A top Madison DJ night teams up with Snaggle Tooth Arts to raise money for Planned Parenthood. Praise! The TV Dinner selectors generally kick things off in the slow lane with a variety of vintage funk, soul, rhythm & blues, bubblegum classics, and more. After an hour or so you can expect a mess of 45s scattered across the stage. The late crowd rolls in and the mix shifts to full-force electro and 80s pop bangers. People actually dance. As the floor fills out the mix gets faster, occasionally dipping into classic house and disco cuts, though never veering out of character. To commemorate the night you can take home a TV Dinner mixtape of all female R&B/hip hop artists, or visit Claire Warhus with Snaggle Tooth Arts for a tattoo from a special flash sheet of lady MC powerhouses. All proceeds from your purchase go to Planned Parenthood, and you feel fly as hell. —Zack Stafford

FRIDAY MARCH 31

Frequency Underground. The Rigby, 10 p.m.

Frequency Underground is a recurring residency from house selector Vutall, which continues a strange-but-fine trend of house and techno parties being thrown at Beatle-themed bar The Rigby.
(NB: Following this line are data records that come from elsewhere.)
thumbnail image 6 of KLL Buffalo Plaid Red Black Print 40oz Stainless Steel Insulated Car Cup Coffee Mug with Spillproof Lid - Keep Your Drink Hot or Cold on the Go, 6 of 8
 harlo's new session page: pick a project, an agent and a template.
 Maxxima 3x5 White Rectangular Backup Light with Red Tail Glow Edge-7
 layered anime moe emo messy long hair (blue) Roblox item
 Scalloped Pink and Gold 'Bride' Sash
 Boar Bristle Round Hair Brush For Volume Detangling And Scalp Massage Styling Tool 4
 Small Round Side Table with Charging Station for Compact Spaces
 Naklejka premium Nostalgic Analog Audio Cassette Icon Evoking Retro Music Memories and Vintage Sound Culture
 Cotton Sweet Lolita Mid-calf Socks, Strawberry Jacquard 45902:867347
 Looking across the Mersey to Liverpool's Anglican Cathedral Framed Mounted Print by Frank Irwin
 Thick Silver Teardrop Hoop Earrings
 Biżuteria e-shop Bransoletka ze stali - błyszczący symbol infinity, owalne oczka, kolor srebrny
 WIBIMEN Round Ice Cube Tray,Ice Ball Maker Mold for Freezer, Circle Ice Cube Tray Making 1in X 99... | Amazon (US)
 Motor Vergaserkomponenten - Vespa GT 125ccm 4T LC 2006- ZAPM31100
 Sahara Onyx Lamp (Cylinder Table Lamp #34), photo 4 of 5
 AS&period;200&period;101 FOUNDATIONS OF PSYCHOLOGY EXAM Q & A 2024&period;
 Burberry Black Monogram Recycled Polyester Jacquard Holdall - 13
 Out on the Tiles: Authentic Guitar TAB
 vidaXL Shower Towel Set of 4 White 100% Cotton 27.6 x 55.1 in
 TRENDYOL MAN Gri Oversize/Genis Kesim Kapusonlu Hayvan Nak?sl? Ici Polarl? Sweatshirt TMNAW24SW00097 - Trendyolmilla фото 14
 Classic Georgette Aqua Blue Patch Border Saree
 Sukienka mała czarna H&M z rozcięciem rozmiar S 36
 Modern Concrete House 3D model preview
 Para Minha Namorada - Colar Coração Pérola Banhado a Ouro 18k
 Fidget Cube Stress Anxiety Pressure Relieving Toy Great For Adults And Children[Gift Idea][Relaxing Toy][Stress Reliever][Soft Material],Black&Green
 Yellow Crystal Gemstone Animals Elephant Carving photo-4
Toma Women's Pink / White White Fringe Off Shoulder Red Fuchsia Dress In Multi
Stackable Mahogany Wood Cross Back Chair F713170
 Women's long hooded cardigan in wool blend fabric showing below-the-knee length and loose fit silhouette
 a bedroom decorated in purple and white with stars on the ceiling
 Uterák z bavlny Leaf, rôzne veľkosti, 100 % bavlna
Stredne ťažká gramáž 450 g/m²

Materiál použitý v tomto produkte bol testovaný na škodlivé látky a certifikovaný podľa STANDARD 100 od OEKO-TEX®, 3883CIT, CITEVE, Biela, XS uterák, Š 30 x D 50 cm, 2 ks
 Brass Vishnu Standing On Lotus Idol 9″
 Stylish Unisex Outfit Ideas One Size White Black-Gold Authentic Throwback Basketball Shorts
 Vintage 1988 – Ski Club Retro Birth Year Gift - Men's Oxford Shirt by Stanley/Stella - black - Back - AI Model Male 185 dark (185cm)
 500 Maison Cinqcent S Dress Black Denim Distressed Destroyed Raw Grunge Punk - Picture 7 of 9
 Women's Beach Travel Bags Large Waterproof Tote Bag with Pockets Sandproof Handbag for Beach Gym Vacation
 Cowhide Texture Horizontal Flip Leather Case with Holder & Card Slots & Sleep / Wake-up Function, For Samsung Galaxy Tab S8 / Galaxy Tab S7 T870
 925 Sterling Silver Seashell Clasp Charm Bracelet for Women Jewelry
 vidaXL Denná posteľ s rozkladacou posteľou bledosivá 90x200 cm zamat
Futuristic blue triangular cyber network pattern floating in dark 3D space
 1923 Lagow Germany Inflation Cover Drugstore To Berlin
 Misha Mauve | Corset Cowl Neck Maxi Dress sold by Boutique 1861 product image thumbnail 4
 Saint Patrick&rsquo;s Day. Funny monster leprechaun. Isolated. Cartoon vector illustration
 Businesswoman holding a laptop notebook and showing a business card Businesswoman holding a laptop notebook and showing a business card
For this installment, Vutall is joined by two of the hardest working folks in Madison dance music—potent, but awkwardly-named house DJ GinJahviTis and heady selector and Foshizzle Family co-founder Wangzoom. —JS

Fishbone, Cowboy Winter, Mr. Jackson. High Noon Saloon, 9 p.m.

It’s sad that it’s now impossible not to think of former Minnesota Congresswoman and lifer Tea Party goon Michele Bachmann whenever Los Angeles funk-punk veterans Fishbone resurface into public consciousness. This is, of course, due to the time The Roots played Fishbone’s “Lyin’ Ass Bitch” as Bachmann walked onto the set of The Tonight Show for a softball interview with smarmy weenis Jimmy Fallon. Anyways, little has changed in terms of new material since Fishbone’s last Madison appearance (their most recent outing being the 2014 EP Intrinsically Intertwined), but they have brought longtime guitarist and keyboardist JB Bigham and founding drummer Fish Fisher back onboard, and appear to be touring with two drummers. Considering that this powerhouse has been grinding for nearly 40 years, it keeps getting harder to pass up a chance to see vocalist and sax-shredder Dr. Madd Vibe flip shit on stage. —JS

Jenny Hval, Samantha Glass. Union South Sett, 9 p.m. (free)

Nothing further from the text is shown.